=== Begin Enclosure ===
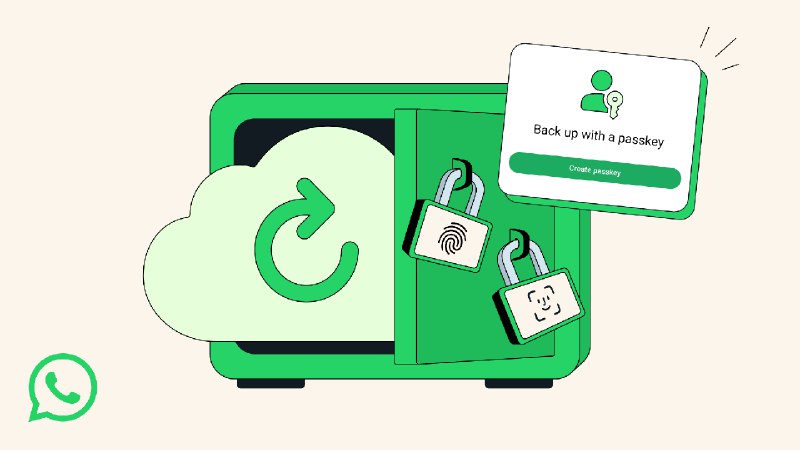 WhatsApp 推出通行密钥加密备份功能WhatsApp 正式为 iOS 和 Android 用户推出通行密钥（passkey）加密备份功能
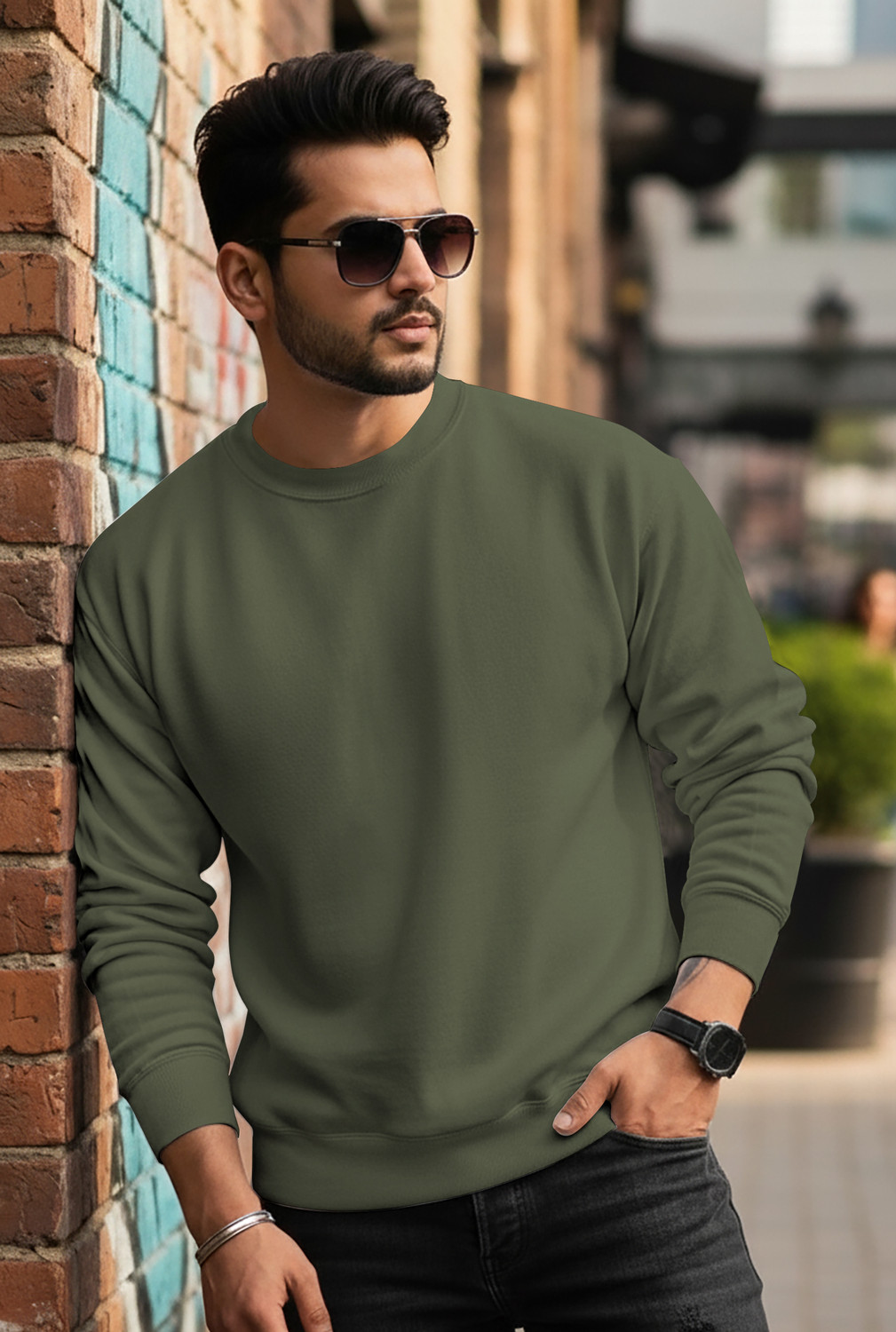 Image of ORIGINAL CREATOR Full Sleeve Solid Men Sweatshirt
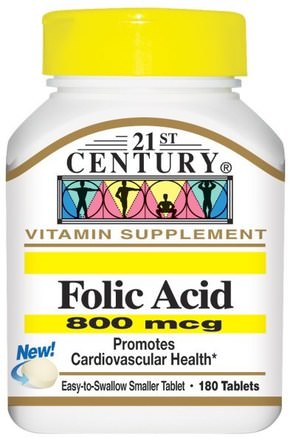 Folic Acid, 800 mcg, 180 Tablets by 21st Century-Vitaminer, Folsyra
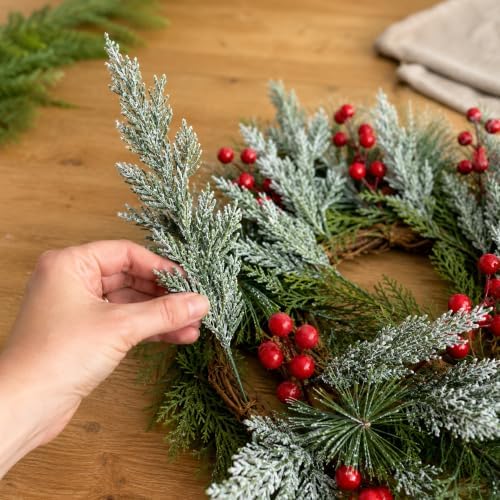 30 Pcs Artificial Christmas Snow Pine Branches Red Berry Stems Faux Sprigs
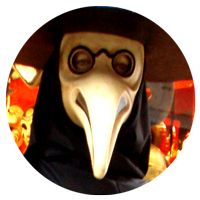 Cameo of a Venice Plague Doctor, shot by Jim McPherson, 2008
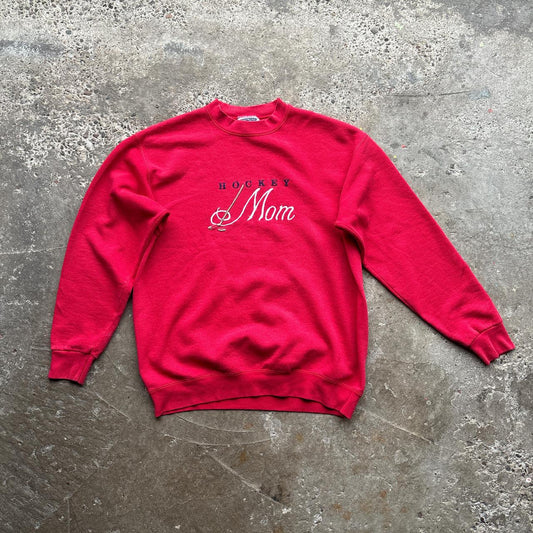 Vintage Red Lee sweatshirt with ‘Hockey Mom’ embroidery - M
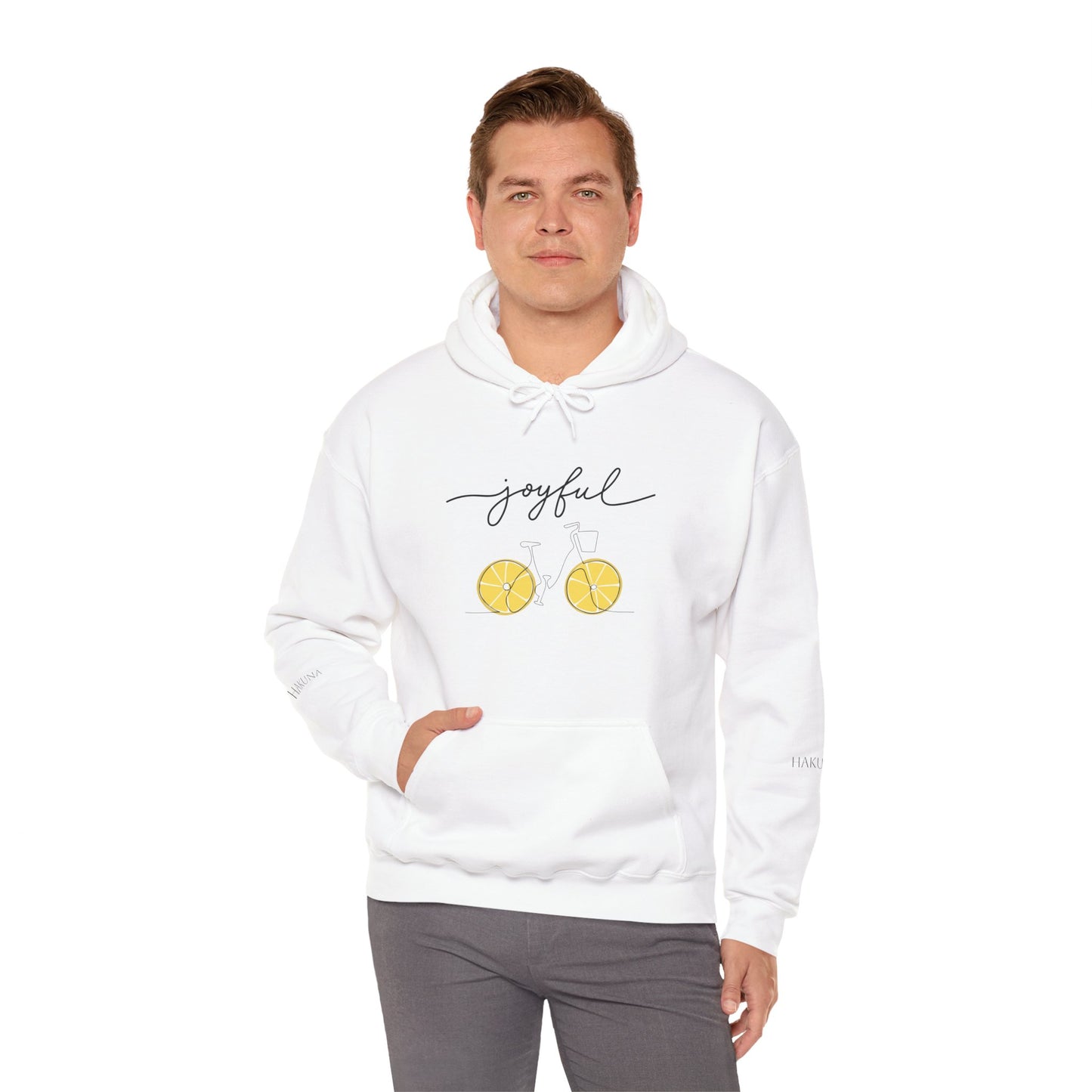 Joyful Lemon Unisex Hooded Sweatshirt, Graphic Sweatshirt, Casual Wear, Gift for Friends, Summer Style, Comfortable Pullover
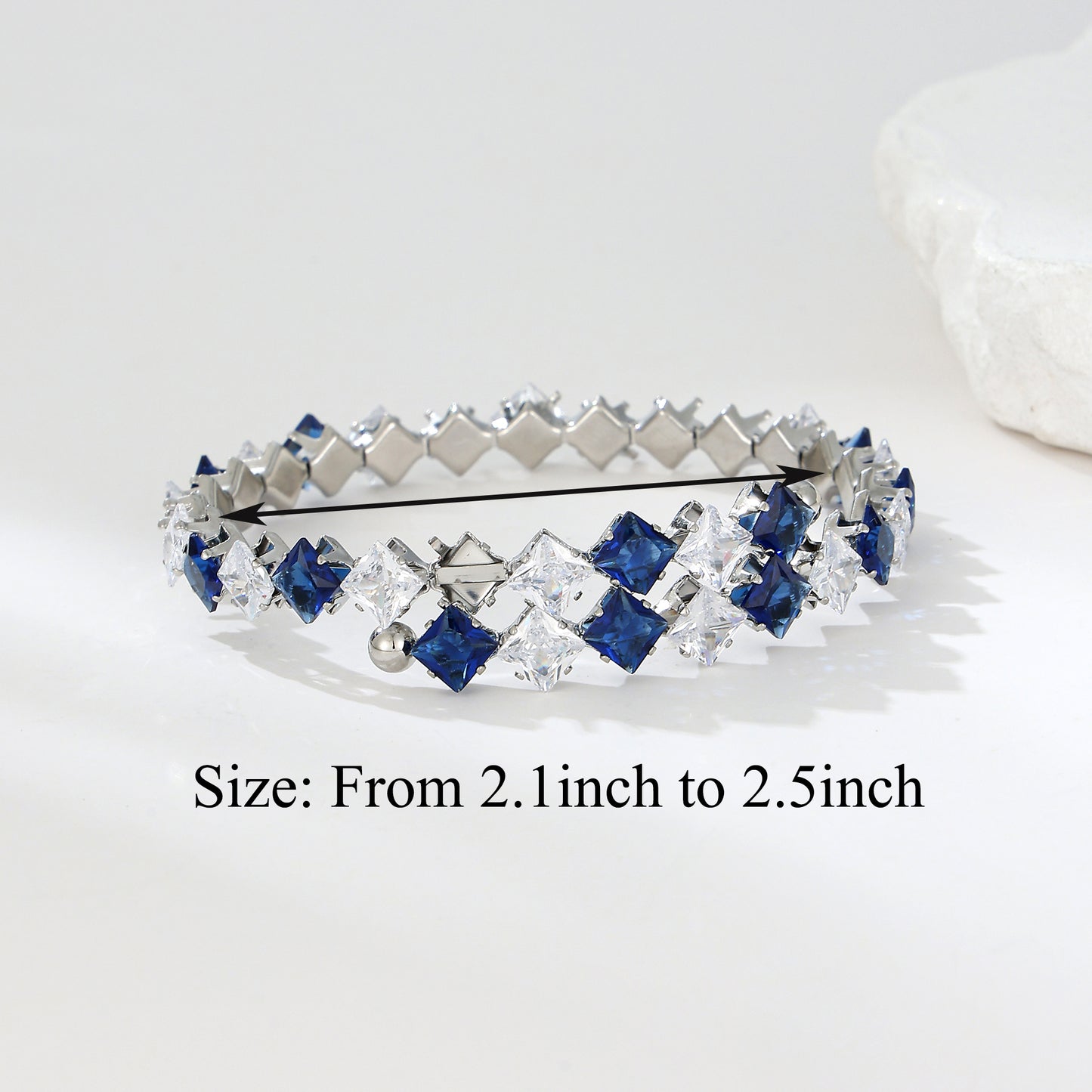 MY2145 Stainless Steel Openable Bangle with Blue Zircon Design in Lozenge Shape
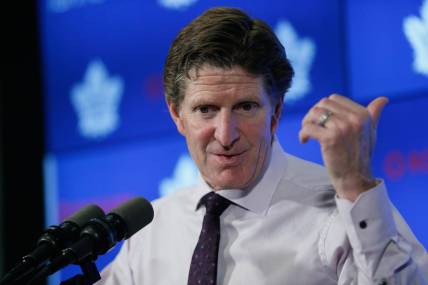 Sep 28, 2019; Toronto, Ontario, CAN; Toronto Maple Leafs head coach Mike Babcock talks to the media after a win over the Detroit Red Wings at Scotiabank Arena. Mandatory Credit: John E. Sokolowski-USA TODAY Sports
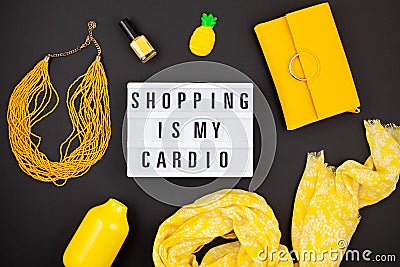 Flat lay with lightbox and funny quote Shopping is my cardio Stock Photo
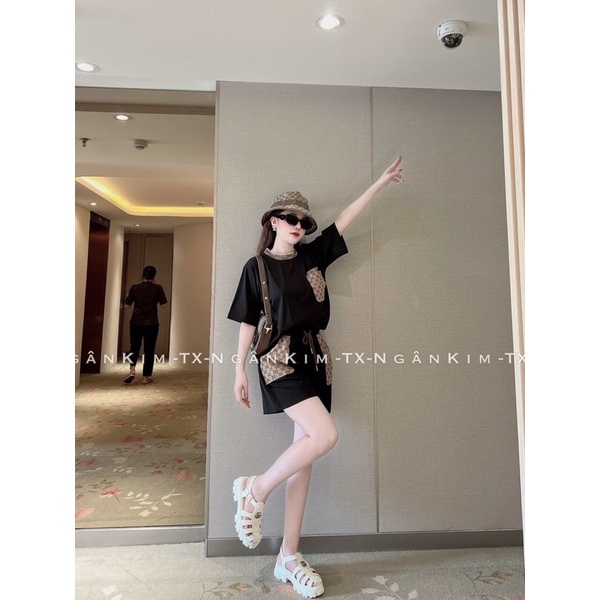 Set 3 món áo thun phối hoạ tiết quần gucci kèm mũ chất liệu vải cottong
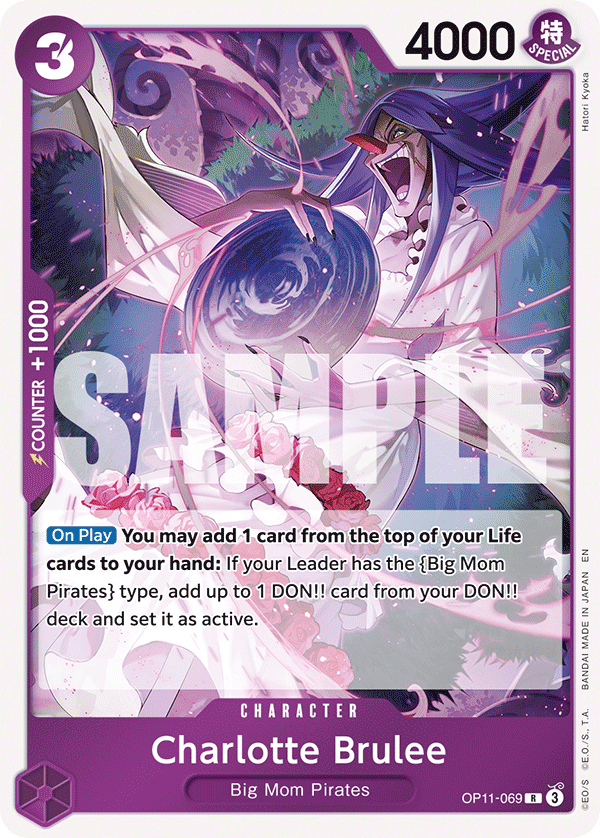 Carte Charlotte Brûlée OP11-069 Rare — One Piece TCG OP-11 A Fist of Divine Speed (Bandai)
=== End Enclosure ===
__ACTIVITY__: If a line falls between the one containing "Joyful Lemon Unisex" and the last line of the entries above, both included, reproduce it exactly; leave the pictures out.

__RESULT OF THIS EXERCISE__:
 Joyful Lemon Unisex Hooded Sweatshirt, Graphic Sweatshirt, Casual Wear, Gift for Friends, Summer Style, Comfortable Pullover
 MY2145 Stainless Steel Openable Bangle with Blue Zircon Design in Lozenge Shape
 Sep 28, 2019; Toronto, Ontario, CAN; Toronto Maple Leafs head coach Mike Babcock talks to the media after a win over the Detroit Red Wings at Scotiabank Arena. Mandatory Credit: John E. Sokolowski-USA TODAY Sports
 Flat lay with lightbox and funny quote Shopping is my cardio Stock Photo
 Set 3 món áo thun phối hoạ tiết quần gucci kèm mũ chất liệu vải cottong
 Carte Charlotte Brûlée OP11-069 Rare — One Piece TCG OP-11 A Fist of Divine Speed (Bandai)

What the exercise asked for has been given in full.